Immortal - 1999 - At the Heart of Winter

 Después de unos primeros álbumes en los que exploraban toda la crudeza del blast beat y de unos acordes gélidos y cortantes, los noruegos Immortal optaron por revisar su estilo en clave heavy metal, aminorando el ritmo y empleando estructuras más reconocibles, pero manteniendo intacta la creatividad a la hora de componer riffs y la majestuosidad de sus sonoridades. Aunque esta fórmula acabara devaluándose en discos posteriores debido a la sobreexplotación, este disco permanece por sus propios méritos como un digno y exitoso intento de abrir el black metal a un público más amplio.

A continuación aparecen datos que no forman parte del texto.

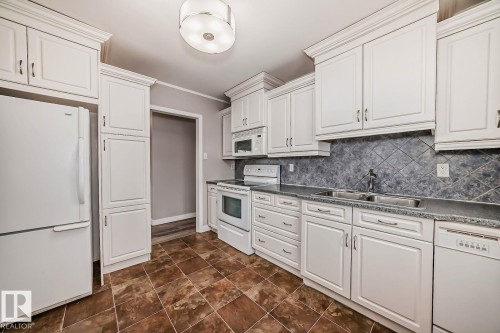 37 Sheridan Drive, St. Albert, AB 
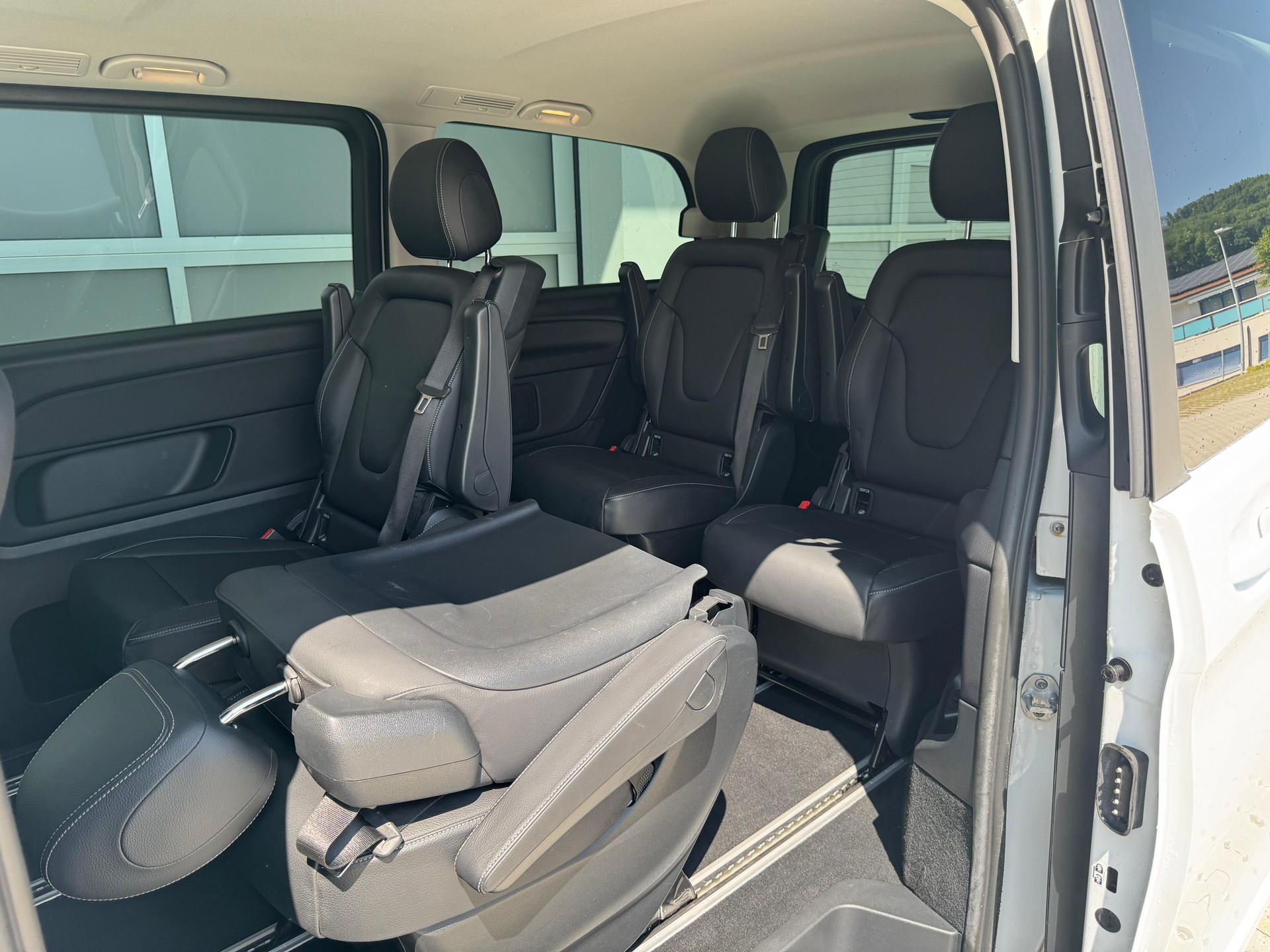MERCEDES-BENZ V 250 d Edition Lang AMG-Line 7G-Tronic-image-5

Primordial - 1998 - A Journey's End

 Provenientes de una escena tan remota como poco fecunda, estos irlandeses consiguieron fraguarse una voz personal tiñendo su black metal paganizante con melodías y estructuras de la música popular de su país, cargadas de melancolía y orgullosa amargura. De riffs potentes y épicos, su empleo de medios tiempos y hermosas voces claras los hacen accesibles para un oyente medio sin temor a verse expuesto a vejatorias concesiones estilísticas.


Lord Wind - 1998 - Forgotten Songs

 Proyecto paralelo de Rob Darken, más conocido como Graveland, cuyo propósito es reinterpretar su propio estilo pagan metal en clave folk. Guitarras orientales, percusión hipnótica, teclados majestuosos y voces de ultratumba configuran una atmósfera ritual épica y envolvente que bien pudiera ser la banda sonora de una película de Conan el bárbaro. Esta es la cara oculta de la música popular, una pulsión nostálgica, profunda y hermosa que también late, de forma críptica, dentro del black metal más canónico.


Beherit - 1996 - Electric Doom Synthesis

 Este disco es producto de un fracaso. Al desertar los demás miembros del grupo, su líder decidió seguir adelante, utilizando para ello los medios electrónicos para suplir la ausencia de músicos. De ello salieron estos sonidos ambientales, orgánicos y enigmáticos, extrapolación de un black metal oscuro y críptico, un viaje por espacios herméticos e inquietantes de sonoridades industriales, prueba fehaciente de que la música es un lenguaje interpretable que puede traducirse a múltiples idiomas o estilos sin perder su carga expresiva.


Burzum - 1996 - Filosofem

 Después de desgranar la esencia del nuevo black metal noruego en sus primeros discos, y antes de lanzarse a la composición puramente electrónica, el proyecto de Varg Vikernes dio a luz esta criatura híbrida, disolución de la primigenia épica narrativa y melancólica en medios tiempos y ritmos ambientales, una estrecha pasarela al mundo onírico y evocador de su creador. Sin ceder en intensidad ni traicionar los principios del género, Filosofem es una maniobra de acercamiento al rock por parte de un estilo agresivo y díscolo que no sale de ella mermado ni mutilado, sino enriquecido.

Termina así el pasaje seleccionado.